The School Board wants to help make it happen. Superintendent Thomas is the stumbling block. He says he has an appraisal for the property for $1.7 million—which may be pre-fire. The school system did collect on the insurance for the fire damage, but chose not to spend it on the school.

May and his church had offered $500,000 which would have given them $500,000 from their savings and loan commitments to renovate the facility. Thomas refused it. May has come back with $1.02 million – which I think hurts, or at least delays, their ability to fully develop the property. Still Thomas refused and would not even put it on the agenda for the board to discuss.

Now the school board has asked Thomas to please sit down with Rev. May and work this out. The church has a loan commitment that expires at the first of the year.

We have a blighted area that needs this type of center. We have the African-American community willing to put its own money and invest in Brownsville. We’ve seen the School District give property in much better neighborhoods to non-profits.

This property doesn’t need to be an expansion of the junkyard that is across the street – which is what I’ve heard is one option being considered by Thomas.
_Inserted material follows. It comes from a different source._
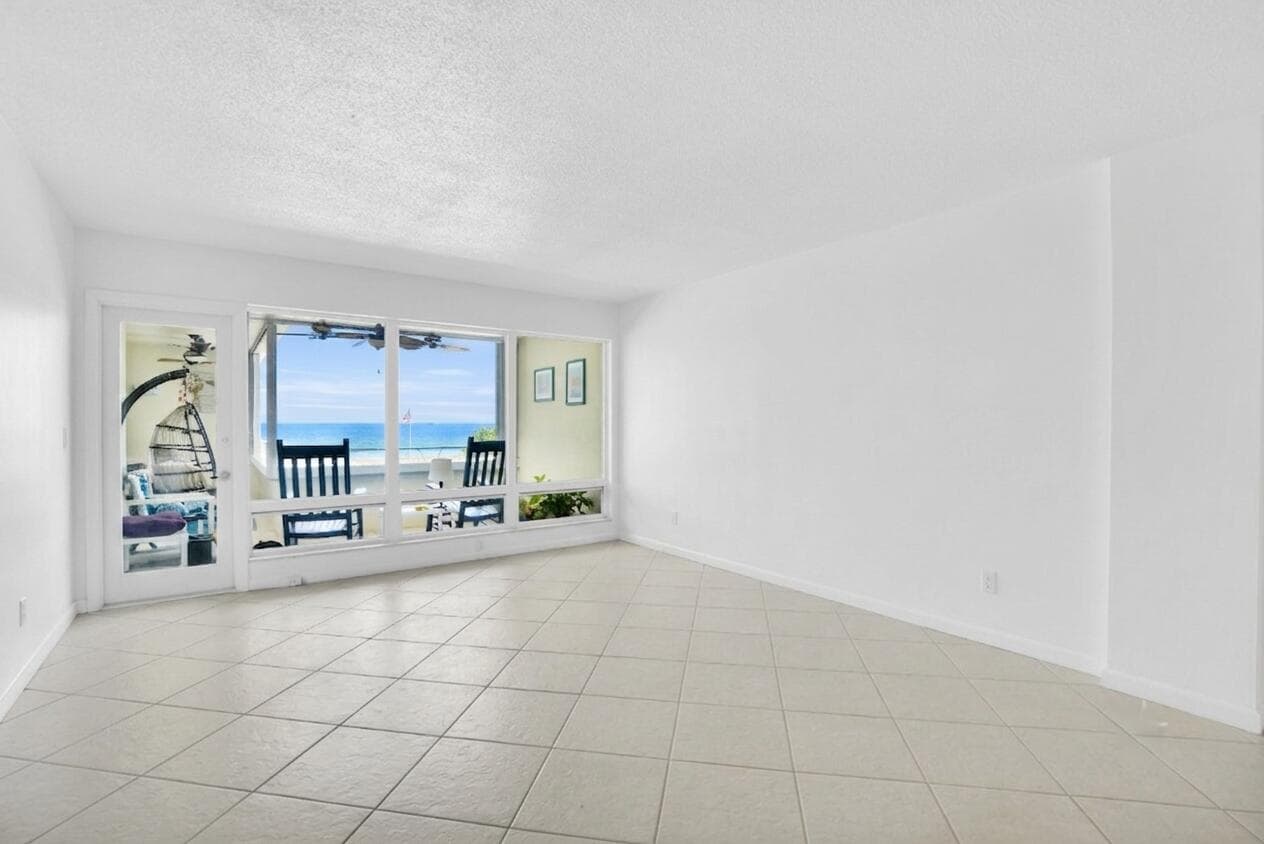 1850 S Ocean Boulevard 304 photo 4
And it doesn’t help to eat up all the capital of a church and its congregation.

Thomas needs to be more interested in the community and less concerned about the sales price. This is just dilapidated building to Thomas–an entry on ledger book. To Brownsville, this is a just to rebuild hope.

We and others will be watching how Thomas deals with this. He didn’t get elected by the African-American vote and may not be concerned about how he hurts his relationships in that part of the community. However, Brownsville impacts all of us–it’s crime, poverty, prostitution, gangs and drugs drag this county down. This project is the one way to stem the tide and begin to rebuild pride.

Thomas needs to lower his asking price to less than $500,000 and be more consistent with how other non-profits have been treated. It’s time to put your flowcharts, statistical reports and ledgers down and see how you can make a real difference in a part of the community that the school system has abandoned.

And where is Commissioner Marie Young on this issue?